Mike Huckabee’s presidential campaign has rather unique defenses to a lawsuit alleging infringement of Survivor’s “Eye of the Tiger” at a rally last September for Kim Davis, the Kentucky clerk who was briefly jailed for refusing to issue marriage licenses to same-sex couples. In court papers filed this week, Huckabee for President seemingly denies that copyright holders of compositions own public performance rights, and further, states that the plaintiff’s claims fail because the Davis rally was a “religious assembly.”
The plaintiff is Rude Music, owned by Frankie Sullivan, co-author of “Eye of the Tiger,” which became famous in Rocky III. In November, Sullivan’s company sued Huckabee over the choice of music at the Sept. 8 event.
Huckabee — a Southern Baptist minister who became the governor of Arkansas before running for president before hosting a Fox News show before running for president again — attended the Davis rally, but his campaign denies having “organized, advertised, or promoted” it.
Regardless of whether or not this is true, the latest court filing doesn’t much challenge Rude Music with a failure to show how Huckabee for President was responsible for the music at the Davis event. Perhaps that will come on a motion to dismiss.
Instead, Huckabee’s response raises some quirky affirmative defenses.
The fact that the presidential long-shot is claiming fair use is not itself surprising, but bear witness to exactly how his campaign is addressing the four factors that determine whether the playing of “Eye of the Tiger” on a loudspeaker is a fair use.
To the purpose and character of the use, which typically measures whether the user has transformed the copyrighted work by adding new expression or meaning, Huckabee says his use “was of a non-commercial and religious nature, signifying joy and praise at the release of Mrs. Davis from confinement.”

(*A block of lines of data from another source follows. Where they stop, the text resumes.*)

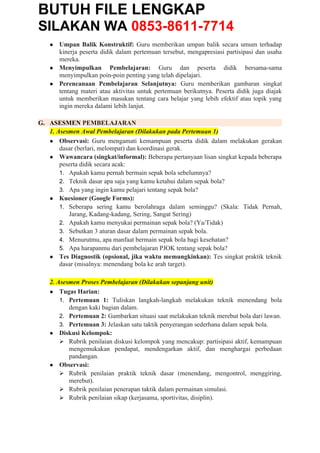 BUTUH FILE LENGKAP
SILAKAN WA 0853-8611-7714
● Umpan Balik Konstruktif: Guru memberikan umpan balik secara umum terhadap
kinerja peserta didik dalam pertemuan tersebut, mengapresiasi partisipasi dan usaha
mereka.
● Menyimpulkan Pembelajaran: Guru dan peserta didik bersama-sama
menyimpulkan poin-poin penting yang telah dipelajari.
● Perencanaan Pembelajaran Selanjutnya: Guru memberikan gambaran singkat
tentang materi atau aktivitas untuk pertemuan berikutnya. Peserta didik juga diajak
untuk memberikan masukan tentang cara belajar yang lebih efektif atau topik yang
ingin mereka dalami lebih lanjut.
G. ASESMEN PEMBELAJARAN
1. Asesmen Awal Pembelajaran (Dilakukan pada Pertemuan 1)
● Observasi: Guru mengamati kemampuan peserta didik dalam melakukan gerakan
dasar (berlari, melompat) dan koordinasi gerak.
● Wawancara (singkat/informal): Beberapa pertanyaan lisan singkat kepada beberapa
peserta didik secara acak:
1. Apakah kamu pernah bermain sepak bola sebelumnya?
2. Teknik dasar apa saja yang kamu ketahui dalam sepak bola?
3. Apa yang ingin kamu pelajari tentang sepak bola?
● Kuesioner (Google Forms):
1. Seberapa sering kamu berolahraga dalam seminggu? (Skala: Tidak Pernah,
Jarang, Kadang-kadang, Sering, Sangat Sering)
2. Apakah kamu menyukai permainan sepak bola? (Ya/Tidak)
3. Sebutkan 3 aturan dasar dalam permainan sepak bola.
4. Menurutmu, apa manfaat bermain sepak bola bagi kesehatan?
5. Apa harapanmu dari pembelajaran PJOK tentang sepak bola?
● Tes Diagnostik (opsional, jika waktu memungkinkan): Tes singkat praktik teknik
dasar (misalnya: menendang bola ke arah target).
2. Asesmen Proses Pembelajaran (Dilakukan sepanjang unit)
● Tugas Harian:
1. Pertemuan 1: Tuliskan langkah-langkah melakukan teknik menendang bola
dengan kaki bagian dalam.
2. Pertemuan 2: Gambarkan situasi saat melakukan teknik merebut bola dari lawan.
3. Pertemuan 3: Jelaskan satu taktik penyerangan sederhana dalam sepak bola.
● Diskusi Kelompok:
 Rubrik penilaian diskusi kelompok yang mencakup: partisipasi aktif, kemampuan
mengemukakan pendapat, mendengarkan aktif, dan menghargai perbedaan
pandangan.
● Observasi:
 Rubrik penilaian praktik teknik dasar (menendang, mengontrol, menggiring,
merebut).
 Rubrik penilaian penerapan taktik dalam permainan simulasi.
 Rubrik penilaian sikap (kerjasama, sportivitas, disiplin).
 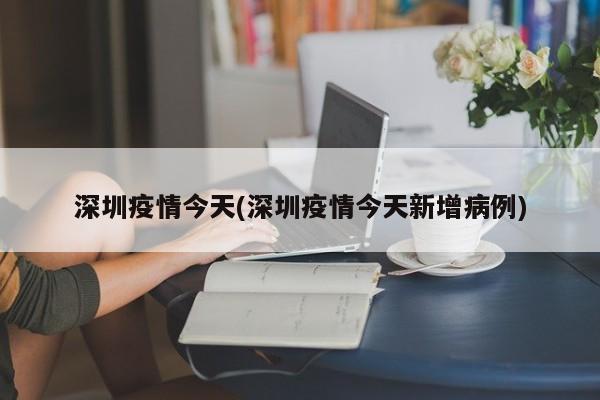 深圳疫情今天(深圳疫情今天新增病例)
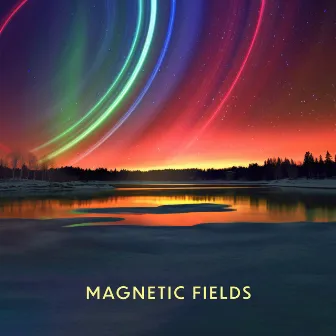 Magnetic Fields: Mental Clarity, Meditation Music by Space Ambient Universe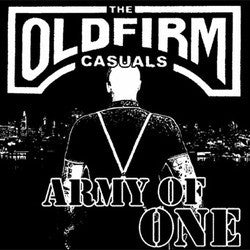 The Old Firm Casuals "Army Of One" 7"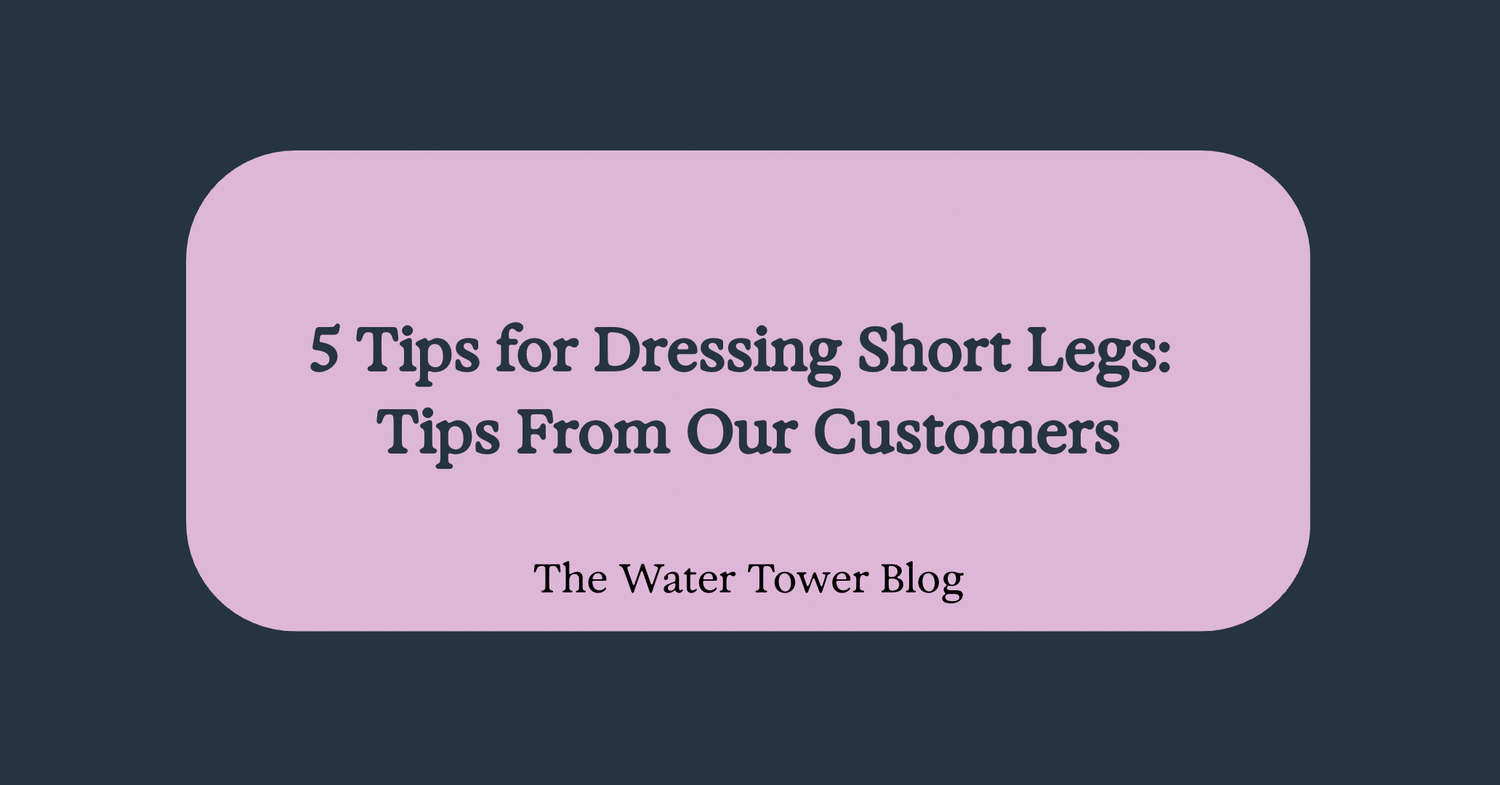 5 Tips for Dressing Short Legs: Tips From Our Customers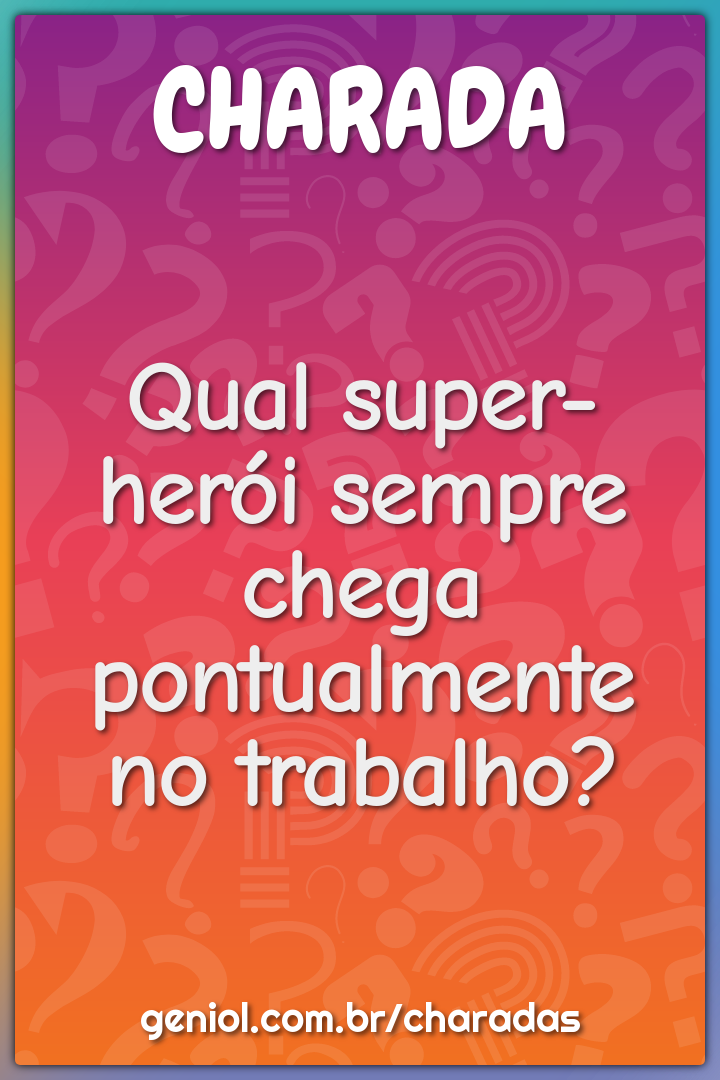 Qual super-herói sempre chega pontualmente no trabalho?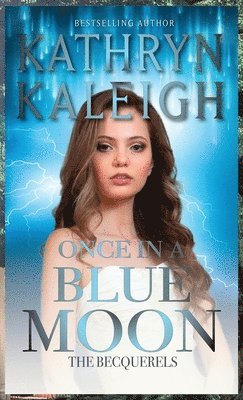 Kathryn Kaleigh - Once in a Blue Moon, Inbunden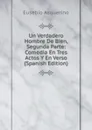 Un Verdadero Hombre De Bien, Segunda Parte: Comedia En Tres Actos Y En Verso (Spanish Edition) - Eusebio Asquerino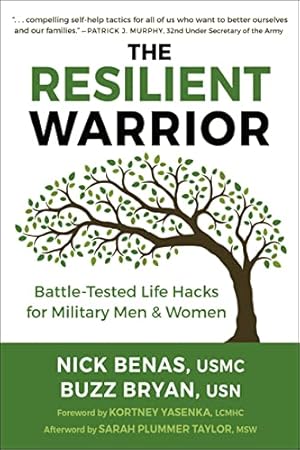 Seller image for The Resilient Warrior: Battle-Tested Life Hacks for Military Men & Women by Benas, Nick, Bryan, Richard [Paperback ] for sale by booksXpress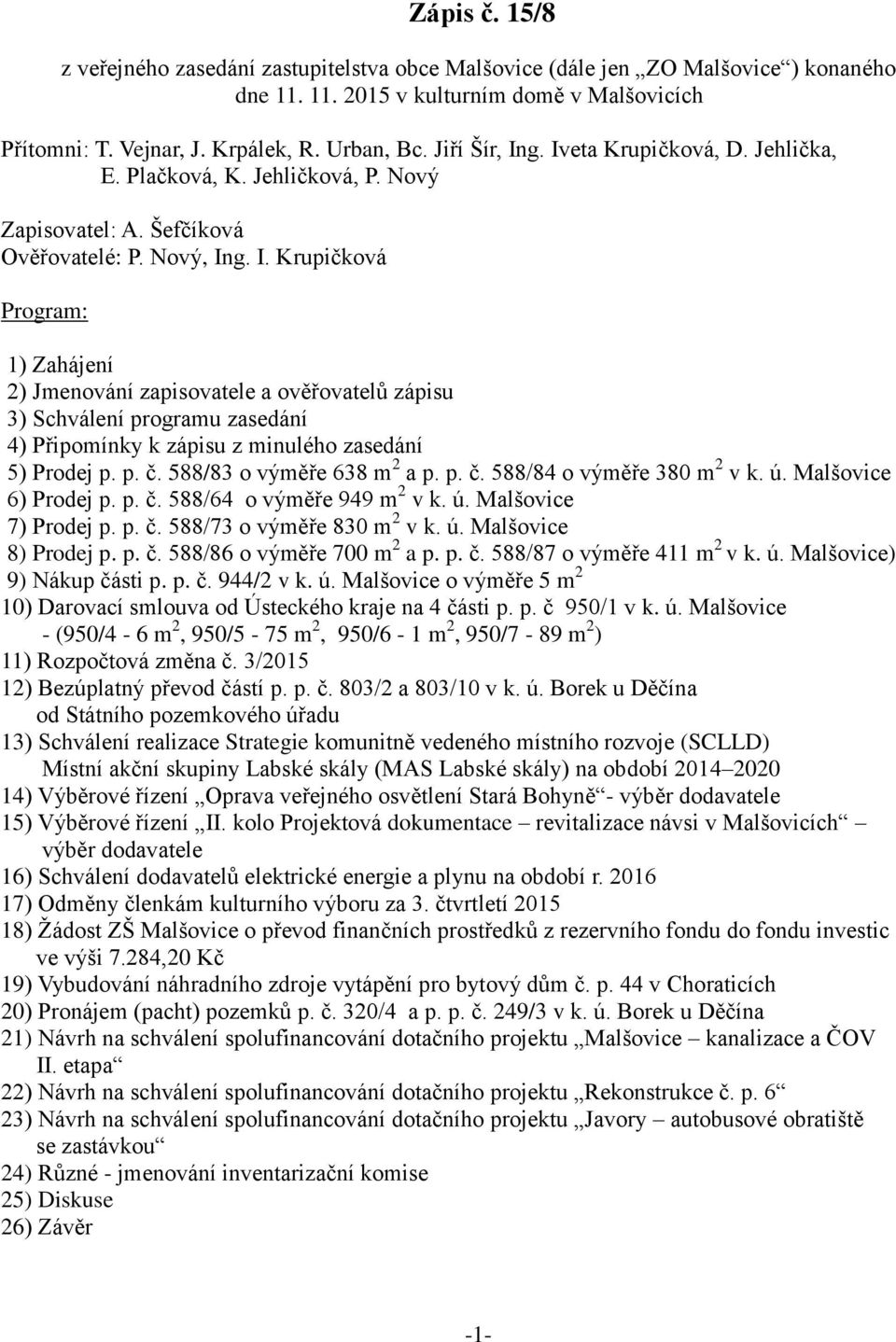 p. č. 588/83 o výměře 638 m 2 a p. p. č. 588/84 o výměře 380 m 2 v k. ú. Malšovice 6) Prodej p. p. č. 588/64 o výměře 949 m 2 v k. ú. Malšovice 7) Prodej p. p. č. 588/73 o výměře 830 m 2 v k. ú. Malšovice 8) Prodej p.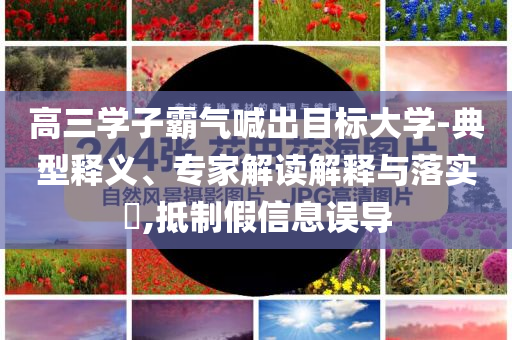 高三學子霸氣喊出目標大學-典型釋義、專家解讀解釋與落實?,抵制假信息誤導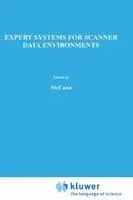 Superprijs Expert Systems for Scanner Data Environments The Marketing Workbench Laboratory Experience - John M. McCann - John P. Gallagher - Libro in lingua inglese - Springer - International Series in Quantitative Marketing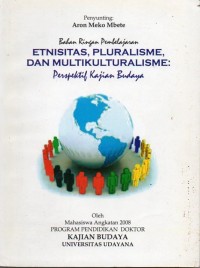 Etnisitas, Pluralisme, dan Multikulturalisme : Perspektif Kajian Budaya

To the second factor, Huckabee (a part-time musician) offers up the ASCAP-unfriendly interpretation that “the nature of the copyrighted work as a song subjects it to some of the most severe limits of the rights of the copyright holder available under U. S. Copyright law, including depriving the copyright holder of the right of public performance under 17 U.S.C. § 106(4) and the right to display the copyrighted work publicly under 17 U.S.C. § 106(5).”
To the amount and substantiality of the portion take, Huckabee says what was used of the song was “minimal in relation to the length of the copyrighted work.” (Elsewhere in the court papers, the defendant says “approximately a minute” was used. “Eye of the Tiger” is four minutes, four seconds in its entirety.)
To the last factor, the effect of the use upon the potential market, Huckabee tries the argument that the rally offered some free publicity to the song. This factor usually pertains to whether use usurped marketplace demand for a license, but the court papers say that in this instance, the effect upon the market “was, if anything, positive because its limited public performance has helped to keep the song, now a third of a century old, in the public eye.”
Fair use isn’t the only way that Huckabee is attempting to beat the lawsuit.
His campaign also invokes a rarely used limitation to a copyright owner’s rights — one that exempts “performances of a nondramatic literary or musical work … in the course of services at a place of worship or other religious assembly.”
The question becomes whether an event outside a jailhouse to celebrate a clerk who refused to issue marriage licenses on religious grounds amounts to a “religious assembly.” Combined with Huckabee’s apparent attempt to argue some kind of religious joy in using the song, the case has veered into strange uncharted territory — a clash between religious liberty and intellectual property.
Of course, lawsuits over music on the campaign trail usually last not much longer than the campaign itself. Four years ago, as an example, then-candidate Newt Gingrich settled a lawsuit over use of “Eye of the Tiger” upon dropping out. At the moment, Huckabee is well behind other candidates like Donald Trump and Ted Cruz. In other words, the litigation over Huckabee’s supposed use of “Eye of the Tiger” might never result in any ruling. If so, the court brief (read here) may be best read as a campaign document to impress potential voters.